Саблин, не выспавшийся за ночь и уставший от впечатлений дня, после обеда завалился спать вместе с Ротбеком, который, как ребенок, мог спать когда угодно и сколько угодно.
Он проснулся в пять часов и лежал на спине в сладкой истоме. Впереди было три дня отдыха, а там суббота и воскресенье — пять дней, которые не знаешь куда девать и чем заполнить. За перегородкой Ротбек громким шепотом справлялся у денщика, приехал ли извозчик.
— Пик, ты куда? — крикнул Саблин.
— В Павловск, к матери, — отвечал Ротбек и вышел в белоснежном кителе и длинных рейтузах.
— Возьми меня с собой, я на музыке посижу.
— Отлично.
Саблин вскочил, и через пять минут они оба в легких темно-серых пальто ехали в старой коляске с выбитыми резиновыми шинами на бойкой толстой лошадке своего хозяина красносельского извозчика.

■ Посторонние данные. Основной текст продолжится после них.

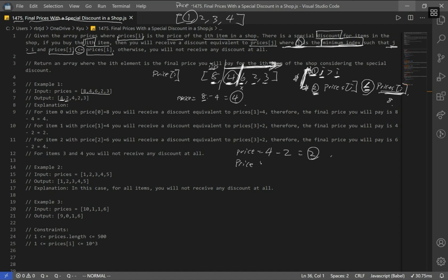Next, price is 6. We look to the right and have 2 and 3. They satisfy the first condition. Is 2 less than or equal to 6? That's true, so we subtract 2 and get 4 as our result. Next, our price is 2. We look to the right and check the second constraint — but 3 is greater than 2, so this gets a discount of 0. We keep our price of 2 with no discount, which we can see in our output.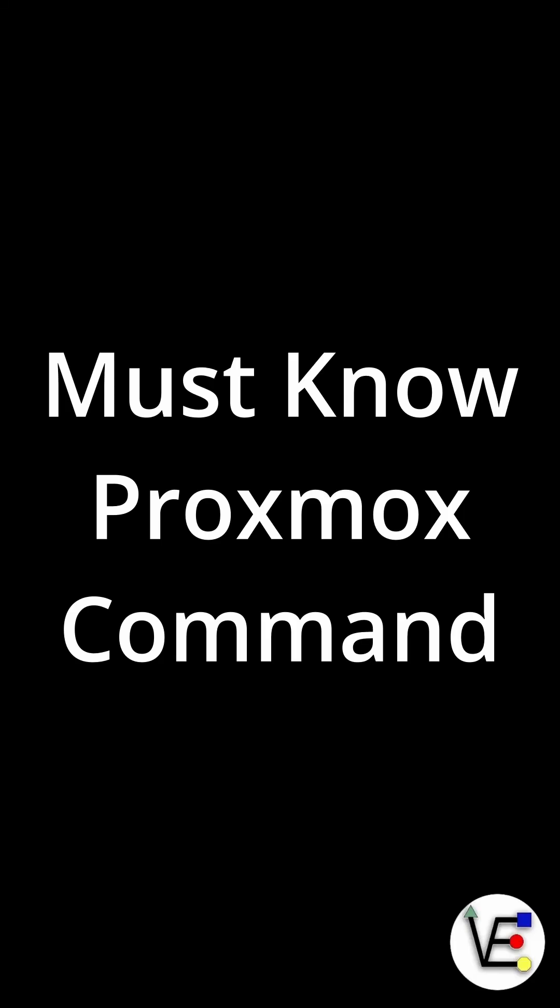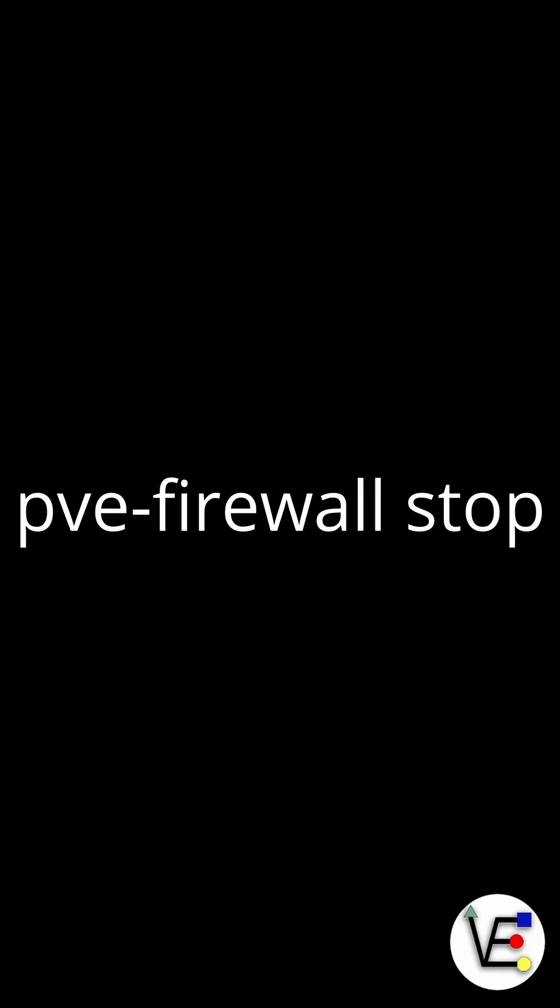If you manage Proxmox, one of the most important commands you should know is pve-firewall stop. Let's talk about why.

Летний день тихо догорал. От скошенных полей пахло ароматом трав. Они проехали длинную Николаевку, где висели мохрами соломенные щиты и казаки вели лошадей на водопой и загородили всю улицу, проехали опрятную деревню Солози и Новую, и потянулись справа и слева мокрые от ночного ливня луга, низкие кустики ивы по ним, чахлые овсы, невысокая рожь, вся синяя от васильков, узкие полоски небогатых посевов. На низких местах стояла, отражая голубое небо, вода. К колышку на веревке была привязана пестрая корова и теленок, щипавший траву у дороги, вдруг задрав хвост и жалобно мыча, понесся смешным галопом по полям.
Иногда им встречались возы с сеном. Тихо скрипели колеса. Пахло дегтем и свежим духовитым сеном. Ротбек старался схватить клочок сена — на счастье. Проехали Соболево и по сторонам шоссе стали высокие лиственницы, а влево темной стеною надвинулся густой Царскосельский парк.
Саблин и Ротбек долго молчали, отдаваясь воспоминаниям дня, переживая вновь все виденное ими.
— Наш полк лучше всех! — убежденно, как бы отвечая на свою мысль, сказал Ротбек.
— Конечно, — сказал Саблин.
— Как жаль, что офицеры не ровнялись, — сказал Ротбек, — и я не ровнялся. Но ты понимаешь, я не знаю, что сделалось с Муммом, уперся на железо и так тянул, ну ничего с ним не сделаешь. В правой руке шашка, а левой я ничего не мог сделать. Прямо с ума зверь сошел.
— А мой Мирабо?
— Ах, шел идеально. Я влюблен в него. Он такой душка.
— Правда? Правда?
— Да и ты, Саша, лучше меня ездишь. Я еще научусь… Но скажи… Я не очень портил? И, как думаешь, он не заметил?
— Но ведь похвалил же! Похвалил, — сказал Саблин, зная о ком и о чем говорил Ротбек, потому что оба думали одними мыслями.
— Ах, он всегда хвалит. Ему нельзя не похвалить. Что было бы, если бы он не похвалил?
— Оставалось одно — застрелиться. Уйти в отставку, зарыться в деревню.
— А ты видел, какие у него глаза! Он прямо на меня смотрел.
— И на меня, Пик… Пик, правда, он особенный человек?
— Он и не человек… Они помолчали.
— Саша, — сказал Ротбек, — а ты не рассмотрел, в каком платье была императрица?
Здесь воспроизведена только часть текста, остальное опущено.